ITEM 2. MANAGEMENT'S DISCUSSION AND ANALYSIS OF FINANCIAL CONDITION AND RESULTS
OF OPERATIONS.
This document contains forward-looking statements that involve known and unknown
risks and uncertainties which may cause actual results in future periods to
differ materially from those indicated herein. These risks include, but are not
limited to, the impact of the fire at the Robstown, Texas facility, compliance
with and changes to applicable laws, regulations and permits, enforcement
actions, exposure to and results of litigation, access to capital, access to
insurance and financial assurances, new technologies, competitive environment,
labor disputes, general economic conditions, and loss or diminution of major
contracts. The Form 10-K for the year ending December 31, 2003 contains
additional risk factors and an expanded disclosure of these risks. When the
Company uses words like "will", "may," "believes," "expects," "anticipates,"
"should," "estimates," "project," "plans," their opposites and similar
expressions, the Company is making forward-looking statements. These terms are
most often used in statements relating to business plans, strategies,
anticipated benefits or projections about the anticipated revenues, earnings or
other aspects of our operating results. The Company makes these statements in an
effort to keep stockholders and the public informed about our business based on
management's current expectations about future events. Such statements should be
viewed with caution and are not guarantees of future performance or events. As
noted elsewhere in this report, our business is subject to uncertainties, risks
and other influences, many of which the Company has no control over.
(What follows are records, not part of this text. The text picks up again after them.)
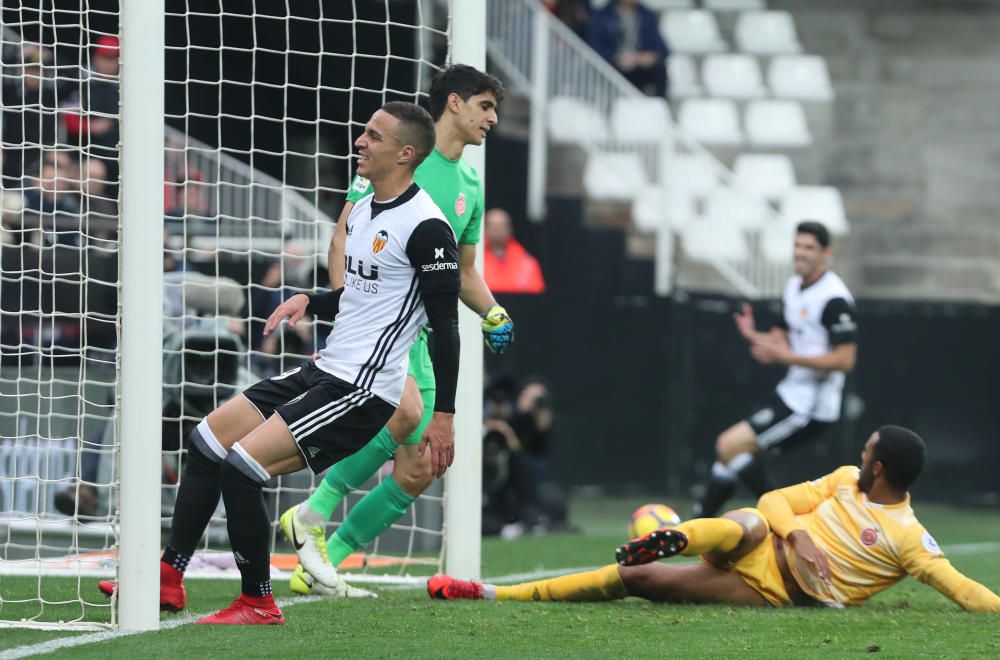 Valencia - Girona, en imágenes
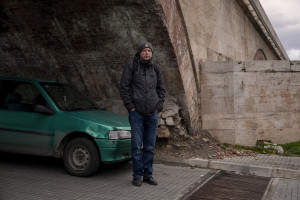 Vladimir Kunovski, activist of “Fridays for future” is portrayed in the center of Skopje, North 
Macedonia on February 28, 2020. “Fridays for future” is a movement that began in August 2018, after 15-year-old Greta Thunberg and other young activists sat in front of the Swedish parliament every schoolday for three weeks, to protest against the lack of action on the climate crisis. She posted what she was doing on Instagram and Twitter and it soon went viral.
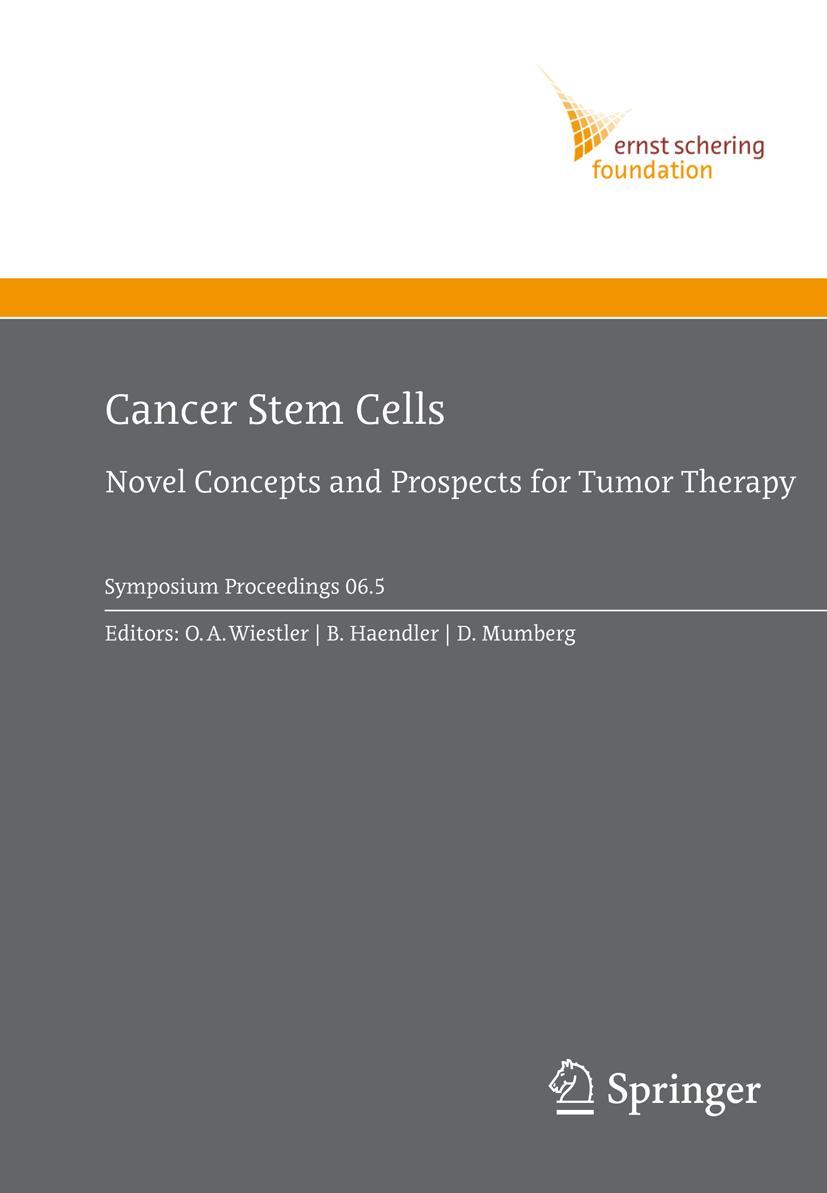Vorderes Coverbild Cancer Stem Cells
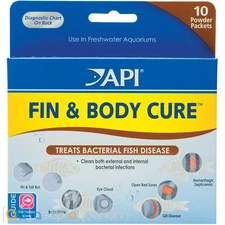 API Fin & Body Cure 10 Packets Treats Freshwater Fish Bacterial Disease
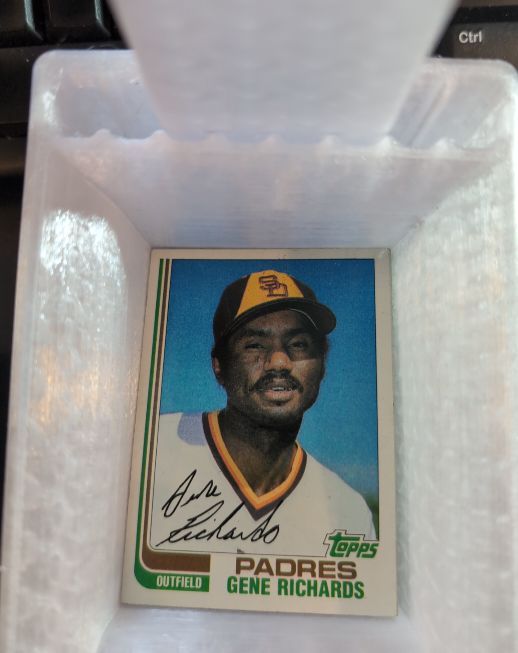 1982 Topps #708 Gene Richards — front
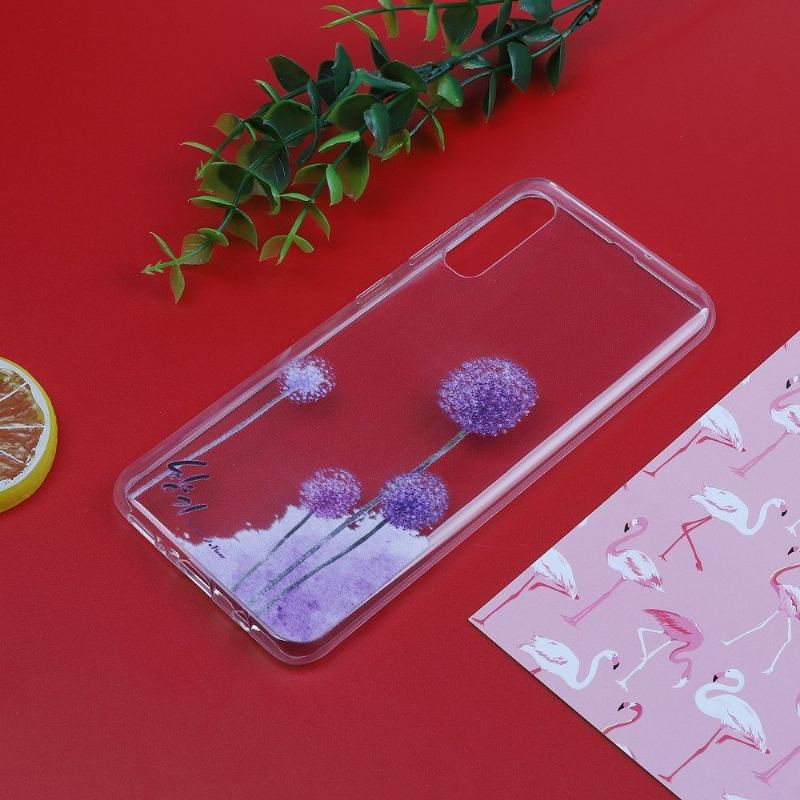 Skal För Samsung Galaxy A50 Genomskinliga Maskrosor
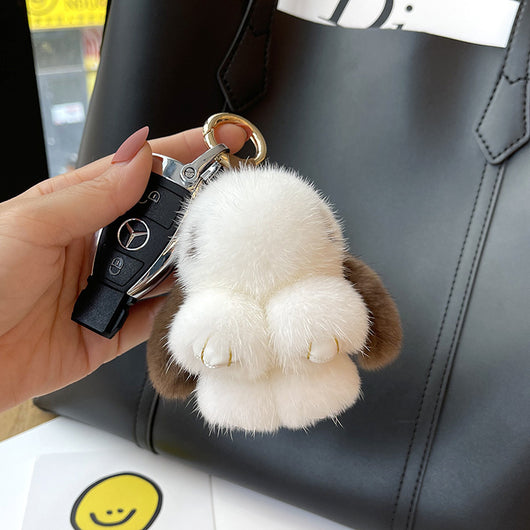 Llavero Colgante Conejo Peluche Mink Red Viral - Image 3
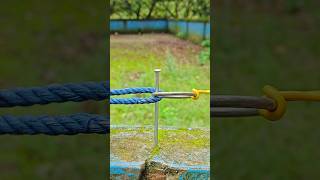 Amazing Rope & Ring Knot Technique ✅🙏#shorts #shortsfeed #viral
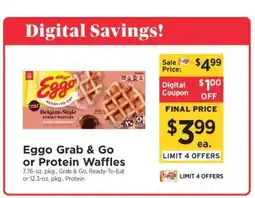 ShopRite Eggo Grab & Go or Protein Waffles offer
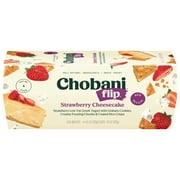 Chobani Flip Low-Fat Greek Yogurt, Strawberry Cheesecake With 1og of Protein, 4.5oz Plastic Cup 4-pack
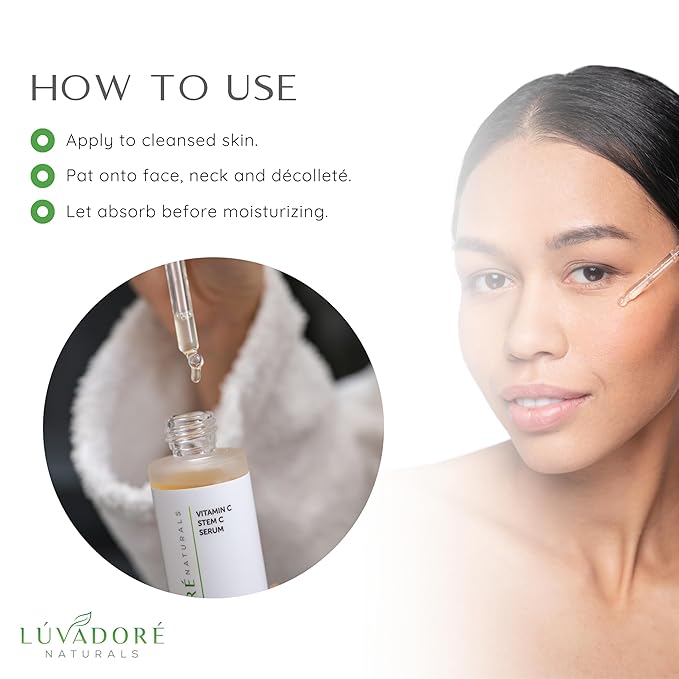 Vitamin C Serum for Face & Neck 2oz - 20% Vit C Serum Face, Reduces Dark Spots, Firms Skin with Orange Stem Cells, Plant Based Vitamin C, Anti-Aging, Natural Clean Beauty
Additionally, these factors, either alone or taken together, could have a
material adverse effect on the Company and could change whether any
forward-looking statement ultimately turns out to be true. The Company
undertakes no obligation to publicly release updates or revisions to these
statements. The following discussion should be read in conjunction with the
audited consolidated financial statements and the notes thereto filed on Form
10-K for the year ending December 31, 2003.
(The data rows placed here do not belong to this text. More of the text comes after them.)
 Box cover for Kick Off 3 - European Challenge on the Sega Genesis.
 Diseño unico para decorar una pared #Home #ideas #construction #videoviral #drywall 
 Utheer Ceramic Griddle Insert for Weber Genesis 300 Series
Unless otherwise described, changes discussed relate to the increase or decrease
from the three and six month periods ended June 30, 2003 to the three and six
month periods ended June 30, 2004.
INTRODUCTION
- ------------
The Company is a hazardous, PCB, industrial and radioactive waste management
company providing transportation, treatment and disposal services to commercial
and government entities including, but not limited to nuclear power plants, oil
refineries, chemical manufacturing plants, steel mills, the U.S. Department of
Defense, biomedical facilities, universities and research institutions. The
majority of its revenues are derived from fees charged for use of the Company's
four fixed waste disposal facilities. The Company and its predecessors have been
in business for 52 years.
A significant portion of the Company's revenue is attributable to discrete waste
clean-up projects ("Event Business") which vary substantially in size and
duration. The one-time nature of Event Business necessarily creates variability
in revenue and earnings. This can produce large quarter to quarter swings.
Management's strategy is to continue expanding its recurring customer business
("Base Business") while simultaneously securing both large and small Event
Business projects. When the Company's Base Business covers fixed costs, much of
the Event Business revenue falls through to the bottom line. This strategy takes
advantage of the largely fixed cost nature of the business.
OVERALL COMPANY PERFORMANCE
- ---------------------------
The Company's financial performance for the three and six months ended June 30,
2004 was substantially improved over the first three and six months of 2003.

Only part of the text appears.